Why I Don't Ride Roller Coasters

One man was killed and ten other folks were injured this morning when something went amiss on Disneyland's Big Thunder Mountain Railroad roller coaster. It's sad, it's shocking, it's awful and you just know Disney execs are convening, even as you read this, to discuss how much it's going to cost them in lawsuits and bad p.r. The park has a pretty good track record for safety (though I believe there was one previous accident on this particular ride) and they'll probably take steps to make it even better.

Nevertheless, they ain't getting me on one of them things. I don't mind a gentle Haunted Mansion or Pirates of the Caribbean but the whole concept of a roller coaster strikes me as masochism of the first order. A roller coaster, to me, is where you pay money to have them do something to you that, if it happened on a bus, you'd sue the company.

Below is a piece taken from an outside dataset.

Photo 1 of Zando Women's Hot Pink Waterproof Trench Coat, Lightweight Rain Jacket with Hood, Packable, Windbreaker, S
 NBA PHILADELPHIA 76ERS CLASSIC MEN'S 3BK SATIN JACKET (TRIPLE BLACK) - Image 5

The rhetoric of roller coasters always reminded me of recreational drugs. I used to have acquaintances who'd offer me stuff and say, "Here, try this. It'll make you feel like your entire stomach is leaking out of your ears." My reply was usually along the lines of, "You know…I think I just might be able to live my entire life without experiencing that." Other friends (and even some of the same ones) would try to get me to go on roller coasters by saying, "On the way you feel like your head is inflating and on the way down, it's like someone stuck a pin in it." The descriptions always made me wonder what they'd say if they were trying to convince me it would be unpleasant.

I'm sure there's some kind of joy there for some, but I'm afraid it eludes me. I also don't understand why apparently rational human beings get pierced or tattooed or jump out of airplanes or eat squid, smoke cigarettes or go to Pauly Shore movies.